Con la stessa elasticità mentale e culturale con la quale riconosciamo che la rappresentatività può conoscere forme diverse rispetto e al voto di lista e a quello di preferenza, riconosciamo altresì che la (quasi) completa uniformità delle leggi elettorali di Camera e Senato rappresenta un elemento importante ma non qualificante: ciò che conta innanzitutto, massimamente sotto il punto di vista formale, e grandemente (nelle società del XXI secolo), sotto quello materiale, è che entrambe le Camere siano rappresentative del proprio corpo elettorale.
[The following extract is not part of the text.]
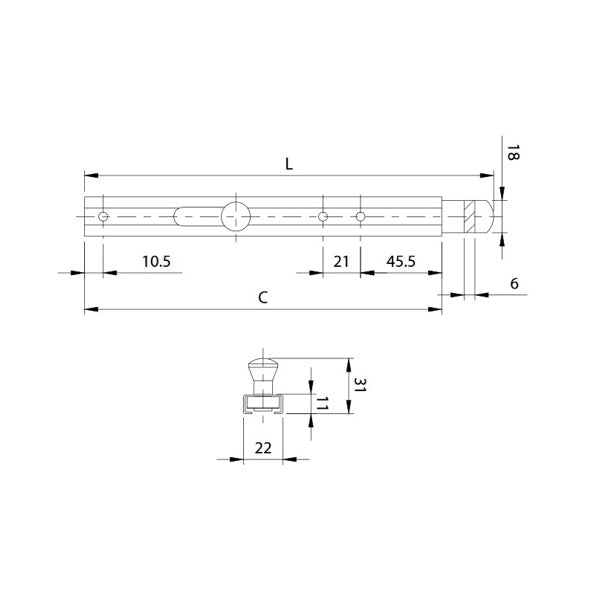 COMUNELLO CATENACCIO AD AVVITARE MM18 ZINCATO ART.800-200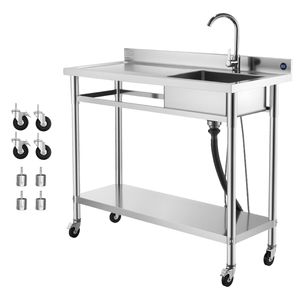 Lavello Commerciale in Acciaio Inossidabile per Cucina con Vasca Scorrevole e Rubinetto Acqua Calda/Fredda - Product Image 1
La ricerca della uniformità delle maggioranze, come garanzia della governabilità è sì un elemento decisivo di garanzia per una effettività della democrazia, ma le precondizioni sono altre;
3) la coincidenza temporale del voto politico e regionale: al di là del risparmio economico nelle due Regioni interessate (le più popolose), cosa che ci sembra importante ma comunque meno rispetto alla bontà della consultazione, e delle implicazioni politiche concrete (vantaggi per le formazioni più pronte e strutturate, vantaggi e svantaggi connessi alla coincidenza delle due competizioni in un momento politico non neutro rispetto a chi si contende il consenso), una cosa è, a nostro avviso, chiara: costringere a definire posizioni, schieramenti e aspirazioni personali dei vari componenti il ceto politico, una volta per tutte, reca in sè la possibilità del prodursi di svariati effetti virtuosi: minor trasformismo, minor carrierismo politico, maggiore stabilità negli organismi eletti e una migliore qualità del lavoro che essi svolgeranno.
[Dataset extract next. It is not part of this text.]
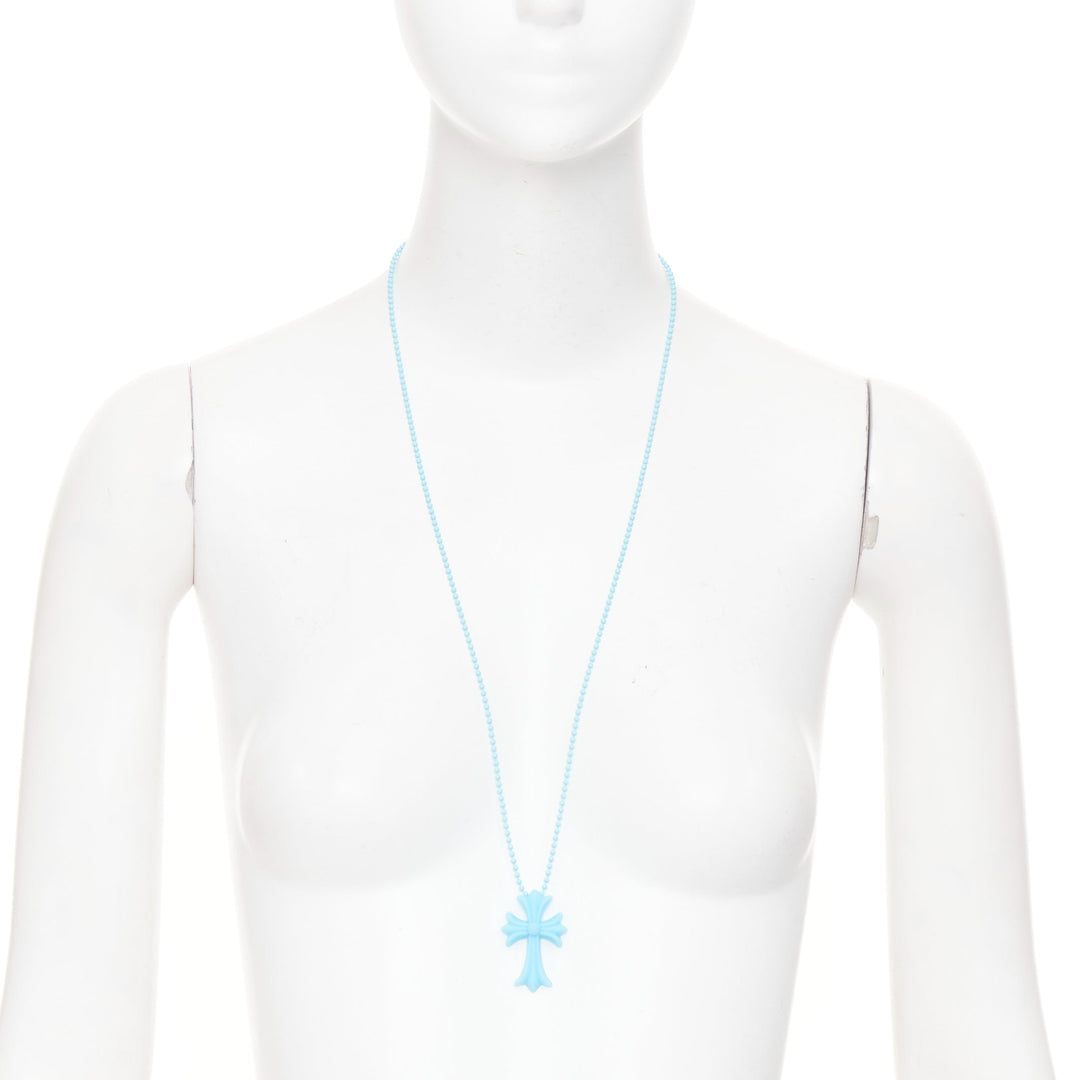 CHROME HEARTS 2019 Silichrome CH Cross Necklace sky blue silicone necklace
Alla luce di questi elementi ci pare quindi poter dire che la gestione della fase, da parte innanzitutto del Presidente della Repubblica, sia stata perfetta: seria, giusta, virtuosa, buona, cioè produttiva di effetti e dinamiche positive.
Il resto, com’è giusto che sia, è compito di quelle forze politiche, di quel ceto politico, le cui tante incapacità e miopie hanno prodotto una condizione di grave crisi istituzionale, amplificato una gravissima crisi economica, dalle quali non siamo ancora usciti.
Non disponiamo degli elementi necessari per valutare ad ampio spettro, da un unico punto di vista, le liste dei diversi partiti, e d’altro canto non tutti i programmi paiono chiari e coerenti:
talune irresponsabili promesse elettorali, talaltre inopinate corse alla miglior candidatura e al salvataggio delle posizioni di rendita, proprie e dei propri soci politici, non hanno dato, fin qui, segnali particolarmente incoraggianti.
Particolarmente preoccupante ci sembra, poi, la dura semplificazione del dibattito politico, ridotta alla diade sovranismo/europeismo: al di là della nostra personale opinione (per la quale tecnocrazia e demagogia siano due facce della stessa, cattiva medaglia, quella che priva di senso la politica e con essa la possibilità dei cittadini di creare da sè nuove buone scelte, una rinnovata coscienza ufficiale), ci sembra che questa dicotomia nasconda e/o privi di valore tante altre emergenze, tante istanze, magari non sempre univoche, certamente nessuna perfetta, ma tutte in linea di principio rappresentative di pezzi di società, di bisogni, che non possiamo permetterci di perdere per strada, senza poi vederli ricomparire ogni volta in forme diverse, magari peggiori.
Riprendendo un pensiero di Giovanni Bianchi, l’antipolitica occupa quello spazio che la politica rinuncia a presidiare: è politica in nuove forme.
Ribadirlo, prima del momento di massimo valore simbolico e fondativo per una democrazia, quale le elezioni, ci pare fondamentale.